● **DATA SEGMENT**:
________________________________________

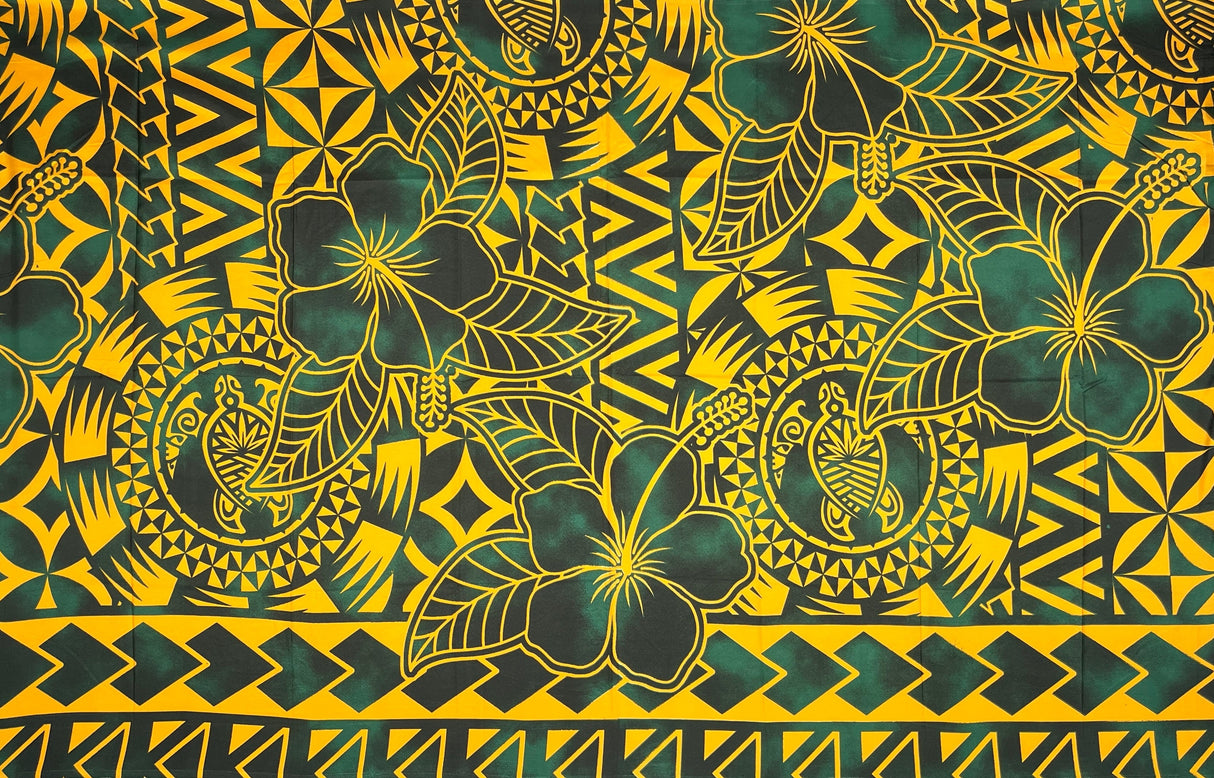 Hibiscus Sea Turtle Polyester Fabric - Polynesian Hibiscus And Sea Turtle Print, 72" L X 45" W (1 Sarong)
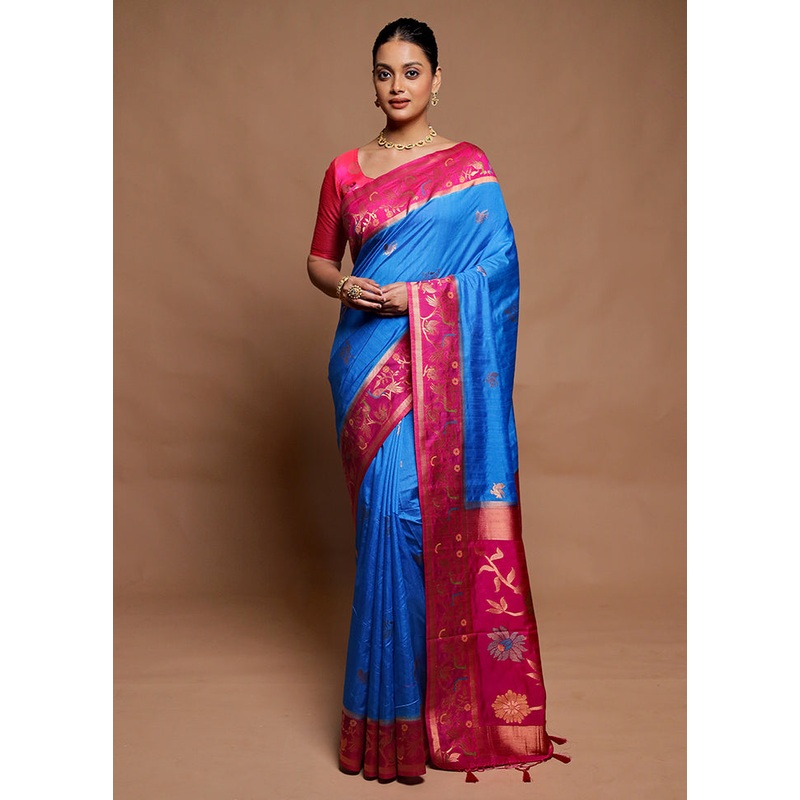 Blue Dupion Silk Saree With Blouse Piece - JD986606504
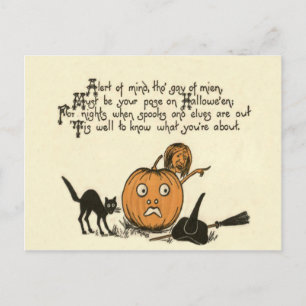 Cartão Postal Poema do Gato Preto Feiticeiro Abóbora de Hallowee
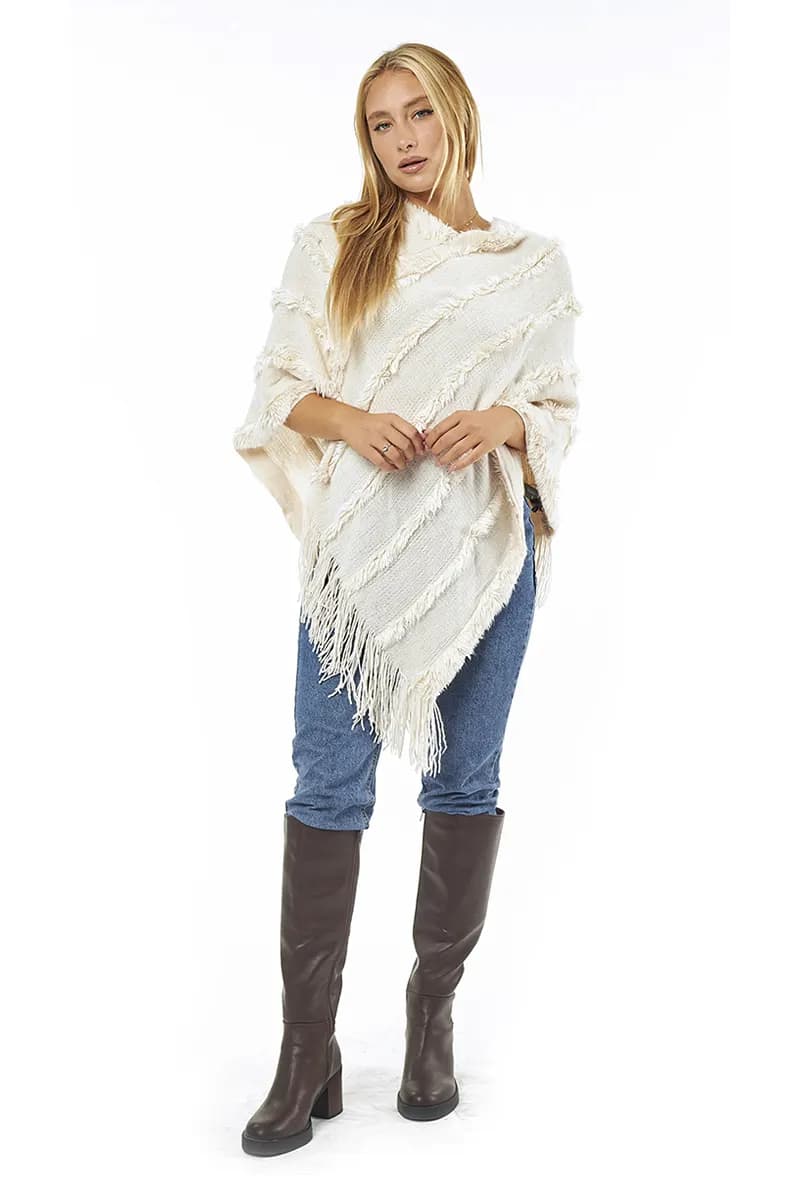 VERDE FASHION | Poncho con frange - 3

________________________________________

● **TASK**: Copy out all the data above exactly as written. Skip the pictures.

● **SOLUTION TO THIS TASK**:
 Hibiscus Sea Turtle Polyester Fabric - Polynesian Hibiscus And Sea Turtle Print, 72" L X 45" W (1 Sarong)
 Blue Dupion Silk Saree With Blouse Piece - JD986606504
 Cartão Postal Poema do Gato Preto Feiticeiro Abóbora de Hallowee
 VERDE FASHION | Poncho con frange - 3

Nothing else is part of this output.